_Problem details_.
Leave every picture out and give back the lines below from the first through the line that holds "Western Concho Statement", exactly as written.

_Data under study_.
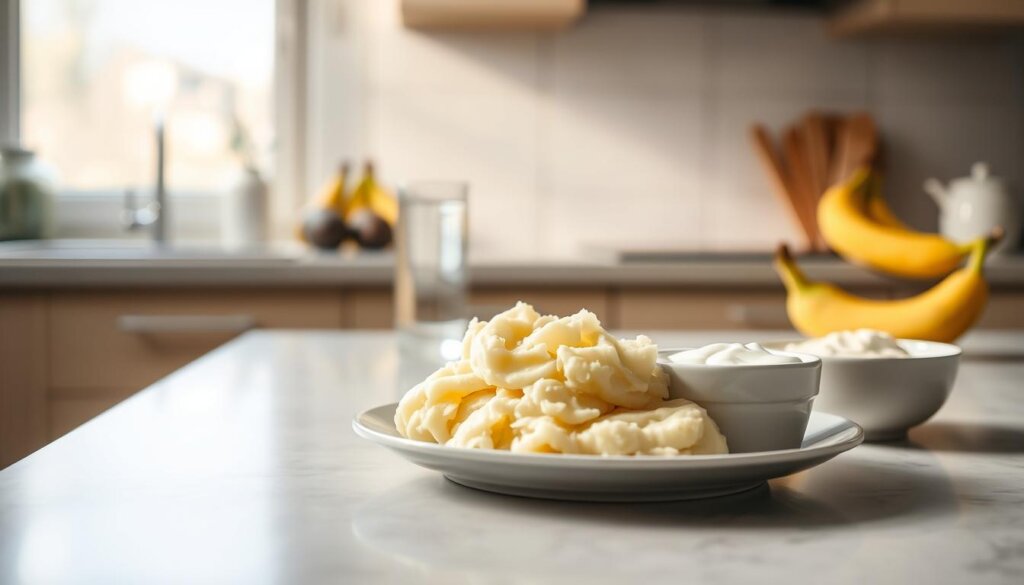 A cozy kitchen scene with a soft, neutral color palette. In the foreground, a plate of mashed potatoes, yogurt, and applesauce, representing gentle, tooth-friendly foods. In the middle ground, a glass of water and a few whole, soft-textured fruits like bananas and avocados. The background features soft, diffused lighting, suggesting a calming, soothing atmosphere. The overall composition conveys a sense of comfort and care for sensitive teeth.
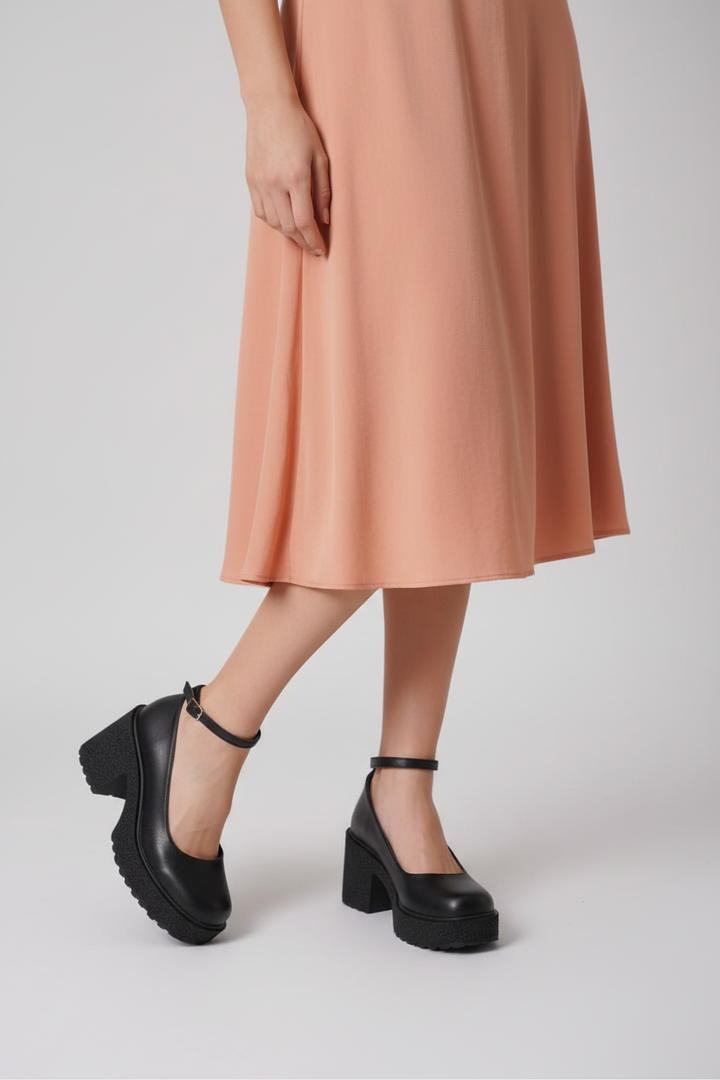 Marla Kadın Siyah Bilekten Bantlı Günlük Kalın Topuklu Ayakkabı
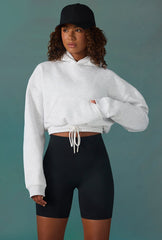 Cropped Drawstring Hooded Sweatshirt in Ice Grey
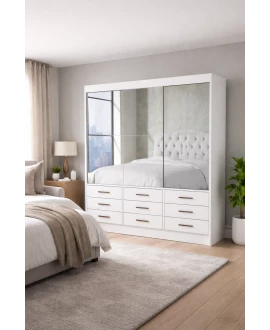 Guarda Roupa 9 Gavetas 3 Portas Espelhado  Sunset-Grand Line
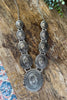 Western Concho Statement Long Necklace | Silver Burnished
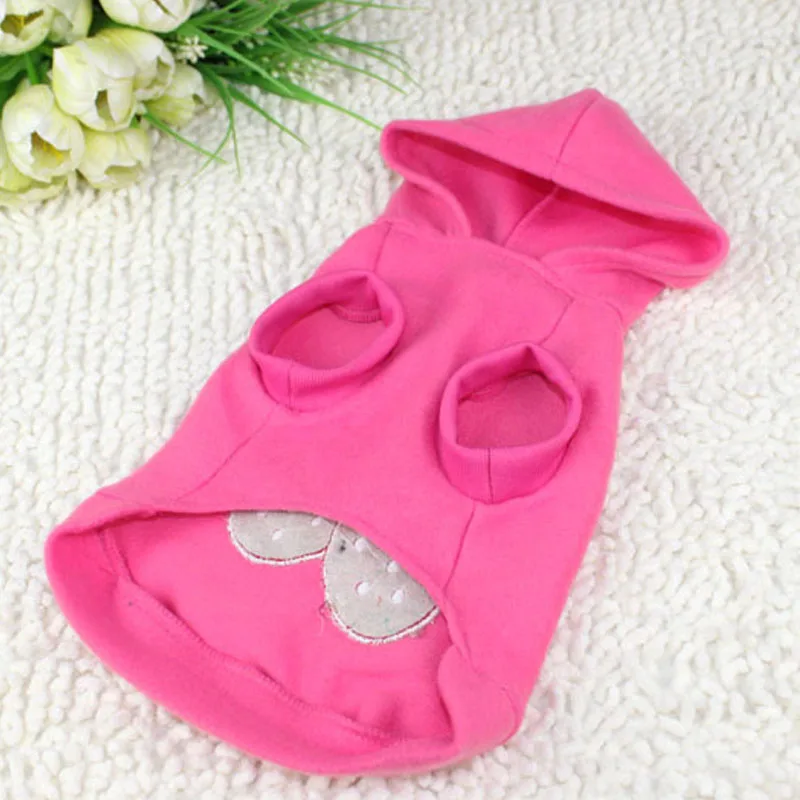 Одежда для собак толстовка осенне зимняя Толстовка розовая маленьких кошек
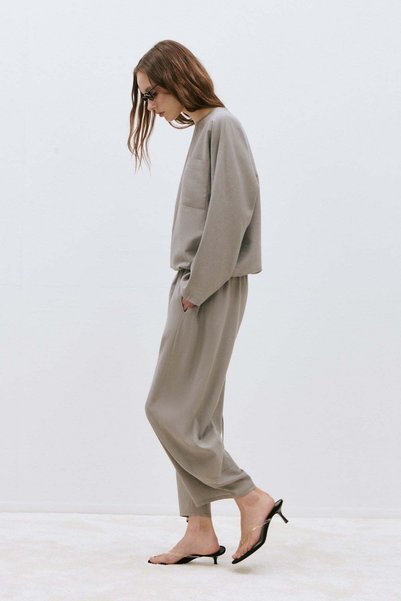 Suud Collection Gray Ellie Linen Balloon Pants
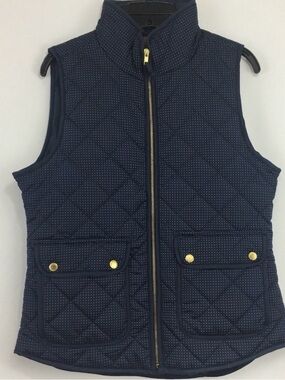 Savile Row Company Blue Quilted mini Polka Dot Puffer Vest Women’s Size M EUC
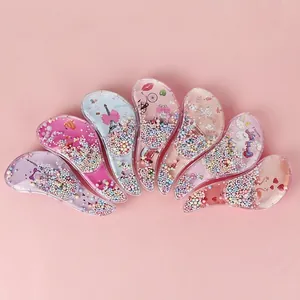 Transparent cartoon detangling hairbrush set with colorful glitter beads and unicorn patterns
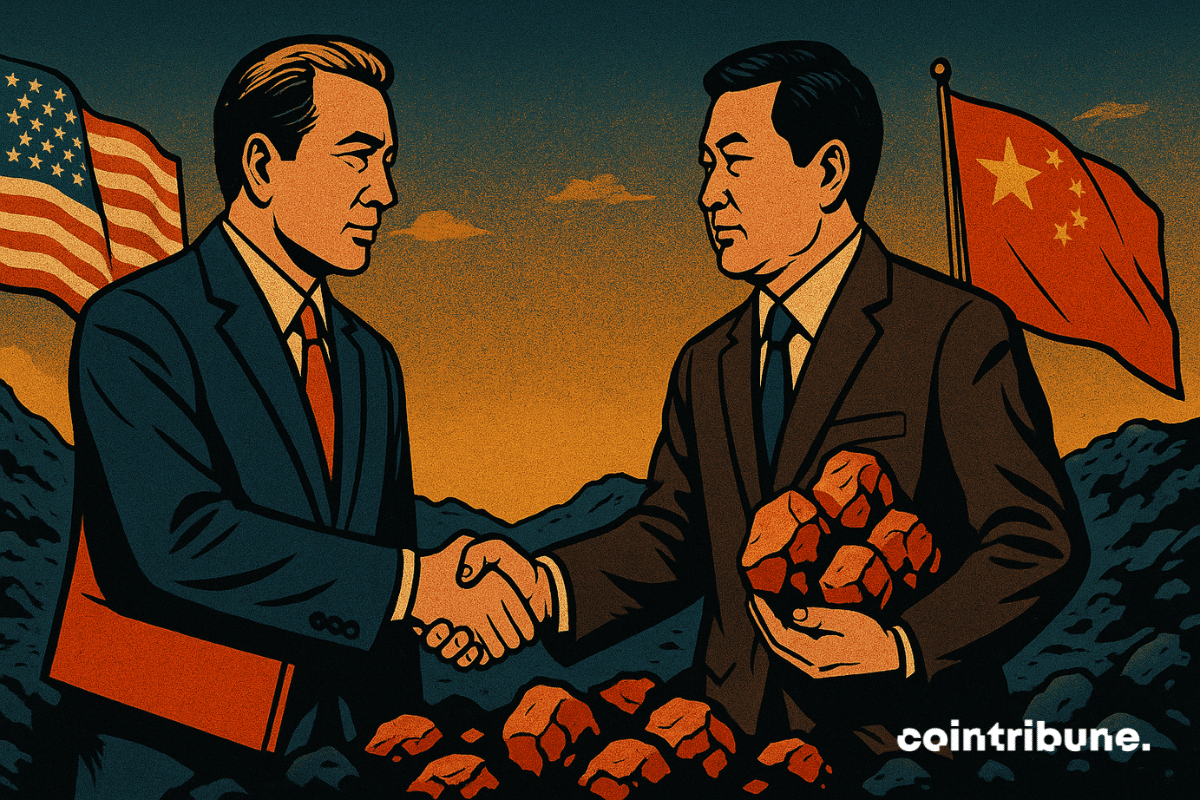 Deux représentants (États-Unis et Chine) échangent des minerais contre des plans technologiques, ce qui symbolise l’accord imminent sur les terres rares.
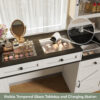 61.5" Farmhouse Vanity Desk with Mirror and LED Lights, Dressing Table with 5 Drawers and 4 Cabinets, Makeup Vanity Table Set with Glass Visual Desktop and Cushion Stool, for Bedroom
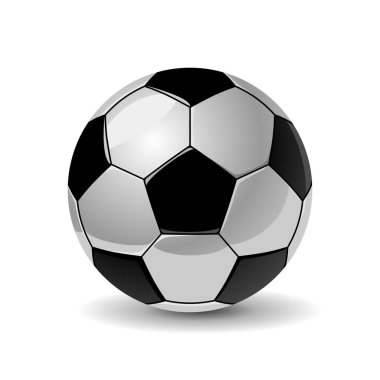 Gerçekçi futbol topu EPS 10 vektöründe beyaz arkaplanda izole edildi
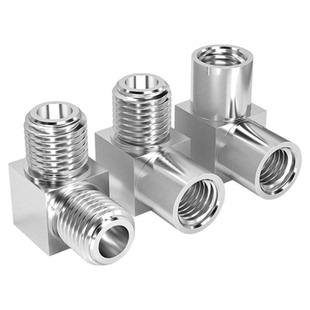 304/316不锈钢内外丝弯头高压压力表变径90°数控直角弯通2分MM14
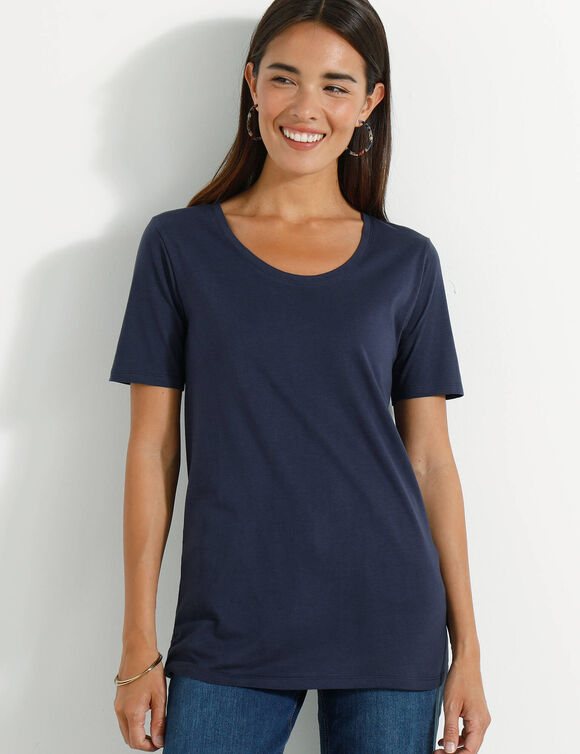 T-shirt col rond manches courtes (marine)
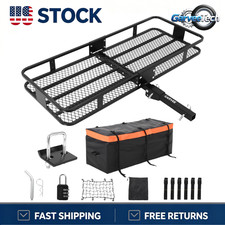 Foldable 2 Receiver Tow Hitch Cargo Carrier Basket Hd Steel W Ratchet Straps Foldable 2 Receiver Tow Hitch Cargo Carrier Basket Hd Steel W Ratchet Straps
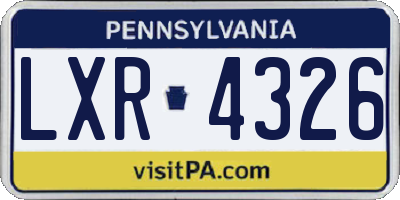 PA license plate LXR4326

_Exercise solution_.
 A cozy kitchen scene with a soft, neutral color palette. In the foreground, a plate of mashed potatoes, yogurt, and applesauce, representing gentle, tooth-friendly foods. In the middle ground, a glass of water and a few whole, soft-textured fruits like bananas and avocados. The background features soft, diffused lighting, suggesting a calming, soothing atmosphere. The overall composition conveys a sense of comfort and care for sensitive teeth.
 Marla Kadın Siyah Bilekten Bantlı Günlük Kalın Topuklu Ayakkabı
 Cropped Drawstring Hooded Sweatshirt in Ice Grey
 Guarda Roupa 9 Gavetas 3 Portas Espelhado  Sunset-Grand Line
 Western Concho Statement Long Necklace | Silver Burnished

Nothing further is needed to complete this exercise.